DIRECTIONS: Your task is to return all of the entries below exactly, leaving out each picture.

SUPPLIED RECORDS:

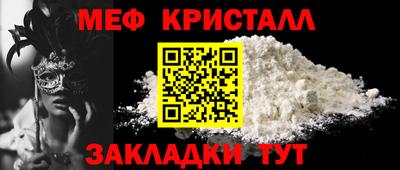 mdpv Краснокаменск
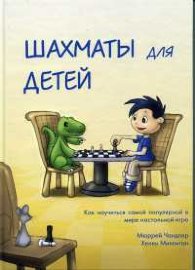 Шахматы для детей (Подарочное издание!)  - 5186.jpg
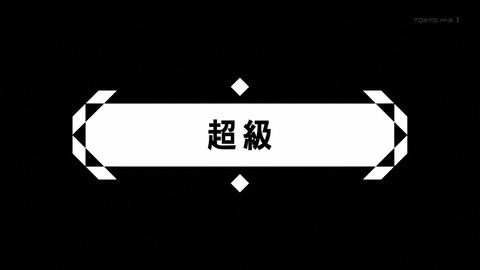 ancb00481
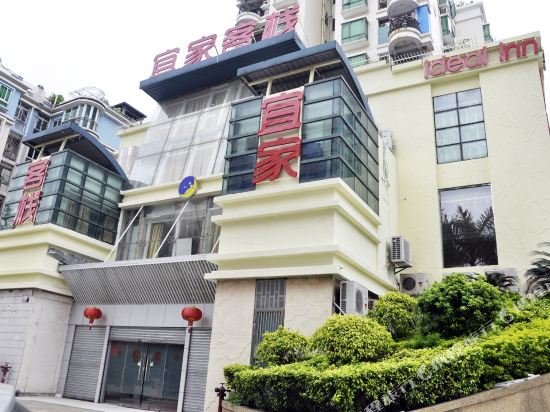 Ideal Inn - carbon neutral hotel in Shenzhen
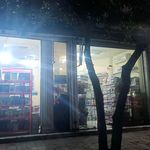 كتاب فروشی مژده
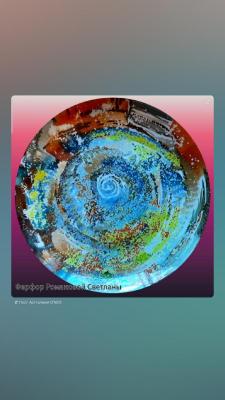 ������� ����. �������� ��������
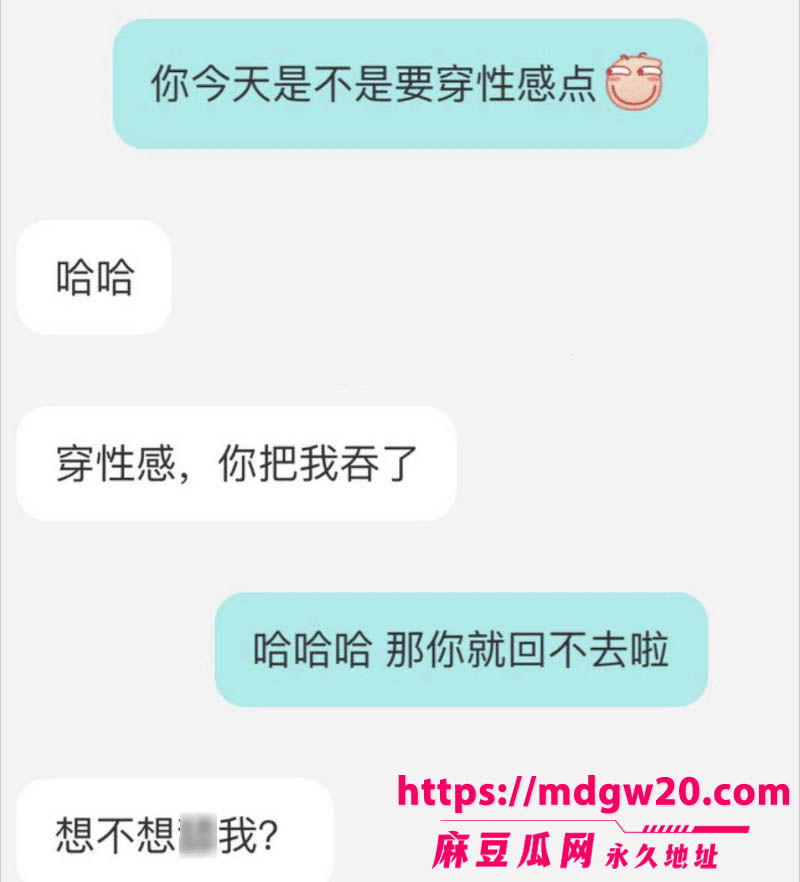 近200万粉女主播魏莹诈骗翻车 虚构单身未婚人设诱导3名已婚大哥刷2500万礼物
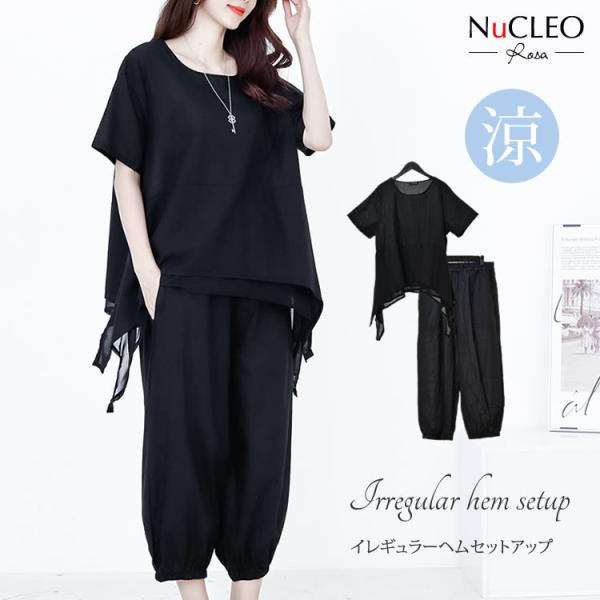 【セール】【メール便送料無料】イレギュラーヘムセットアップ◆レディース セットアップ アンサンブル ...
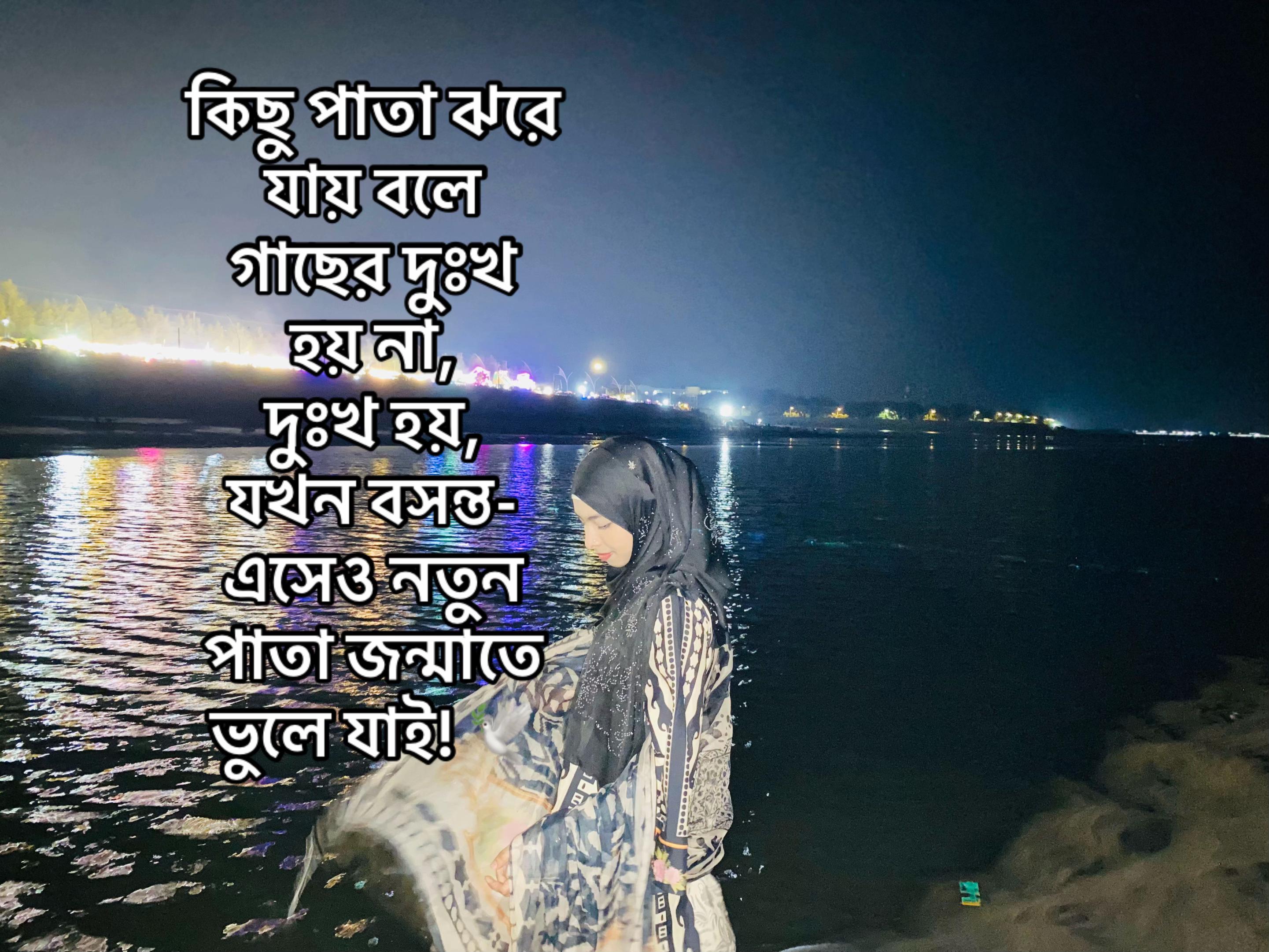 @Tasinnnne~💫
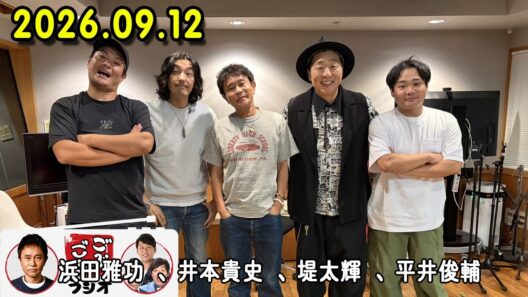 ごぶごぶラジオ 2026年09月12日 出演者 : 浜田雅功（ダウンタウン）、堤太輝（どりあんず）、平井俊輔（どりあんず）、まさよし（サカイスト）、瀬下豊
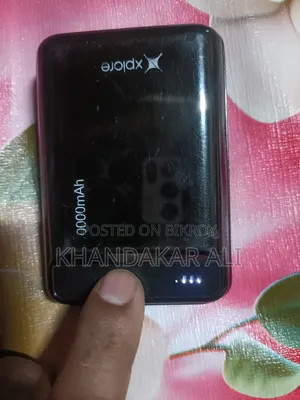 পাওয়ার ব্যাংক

RESULT:
 mdpv Краснокаменск
 Шахматы для детей (Подарочное издание!)  - 5186.jpg
 ancb00481
 Ideal Inn - carbon neutral hotel in Shenzhen
 كتاب فروشی مژده
 ������� ����. �������� ��������
 近200万粉女主播魏莹诈骗翻车 虚构单身未婚人设诱导3名已婚大哥刷2500万礼物
 【セール】【メール便送料無料】イレギュラーヘムセットアップ◆レディース セットアップ アンサンブル ...
 @Tasinnnne~💫
 ごぶごぶラジオ 2026年09月12日 出演者 : 浜田雅功（ダウンタウン）、堤太輝（どりあんず）、平井俊輔（どりあんず）、まさよし（サカイスト）、瀬下豊
 পাওয়ার ব্যাংক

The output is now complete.